WHAT IS EXPECTED
If a record contains a picture, leave the picture out and transcribe everything else exactly.
========================
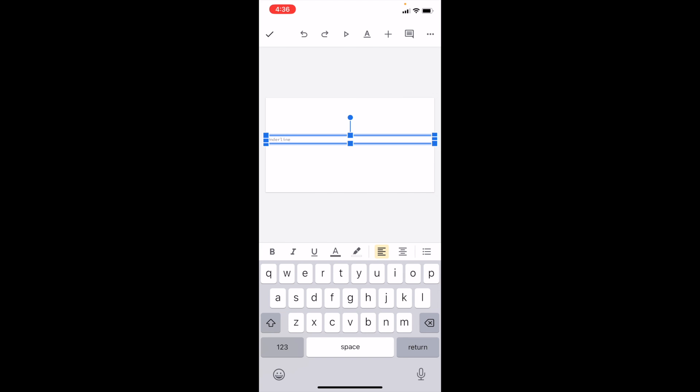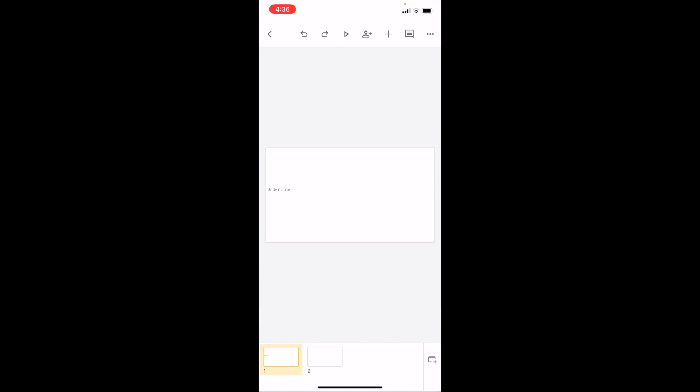It's pretty small right now, but while it's highlighted, you can press on the U with the underline below it. Right in between where it says A and I, sort of above the letters, press on where it says U. That'll add an underline to it.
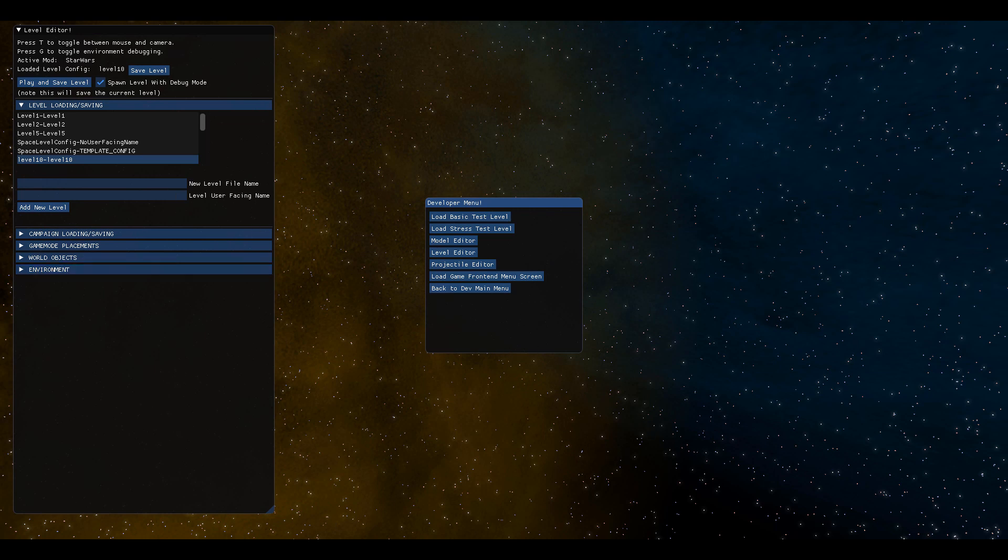it will just use the game's default carriers, which when you set up a mod, you set up the—like the Empire ship was set up to be, the Star Destroyer was set up to be the Empire ship and the Rebel ship was set up to be that Rebel ship.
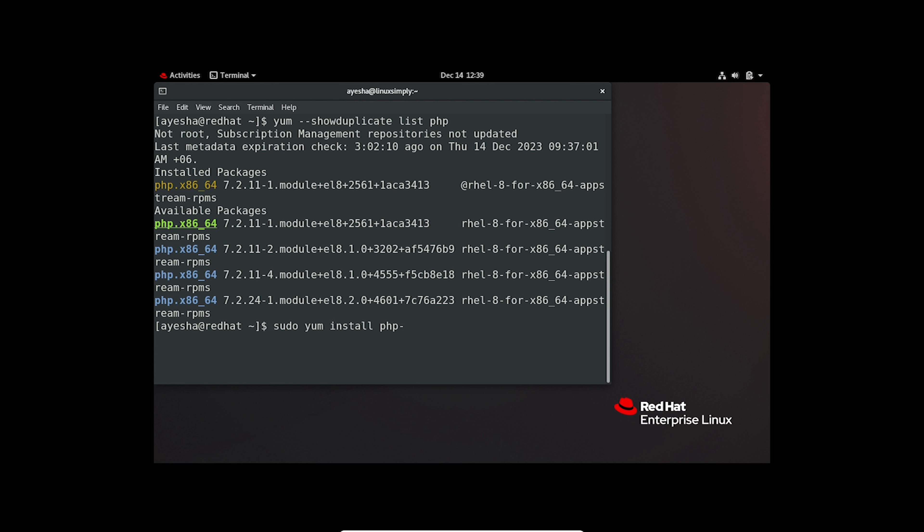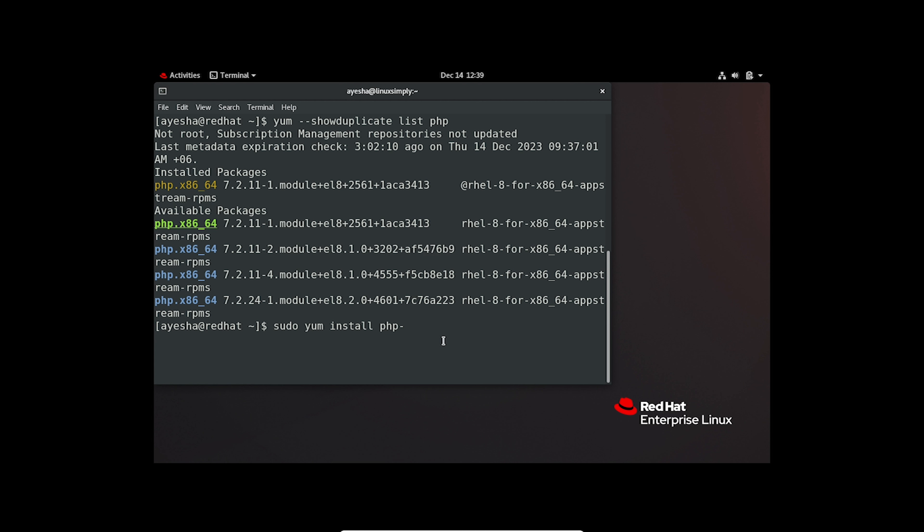For demonstration purposes, I will install this version. Let's copy this text using Shift-Ctrl-C and paste it with Shift-Ctrl-V. And finally, add the extension at the end.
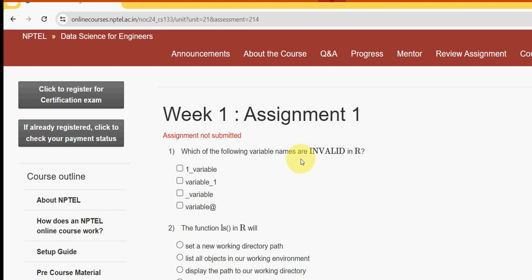Hello guys, welcome back to this channel. For the past five years we have been giving solutions for various NPTEL courses, including the Data Science for Engineers course. I tried my best to give you the most probable solutions. If there are any differences, please share your opinion in the comment section. If I get any update, I will give that in the comment section, so please watch the video till the end.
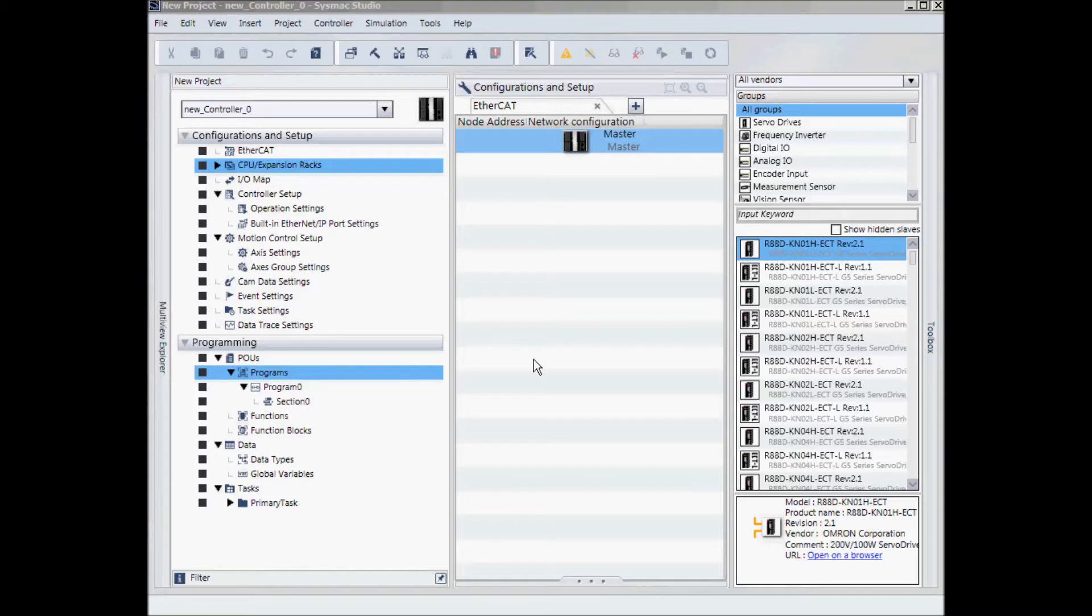I currently have a SysMac Studio project open and it's configured for the same CPU type that I have wired into my USB cable.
========================
ANSWER TO THIS EXERCISE
It's pretty small right now, but while it's highlighted, you can press on the U with the underline below it. Right in between where it says A and I, sort of above the letters, press on where it says U. That'll add an underline to it.
it will just use the game's default carriers, which when you set up a mod, you set up the—like the Empire ship was set up to be, the Star Destroyer was set up to be the Empire ship and the Rebel ship was set up to be that Rebel ship.
For demonstration purposes, I will install this version. Let's copy this text using Shift-Ctrl-C and paste it with Shift-Ctrl-V. And finally, add the extension at the end.
Hello guys, welcome back to this channel. For the past five years we have been giving solutions for various NPTEL courses, including the Data Science for Engineers course. I tried my best to give you the most probable solutions. If there are any differences, please share your opinion in the comment section. If I get any update, I will give that in the comment section, so please watch the video till the end.
I currently have a SysMac Studio project open and it's configured for the same CPU type that I have wired into my USB cable.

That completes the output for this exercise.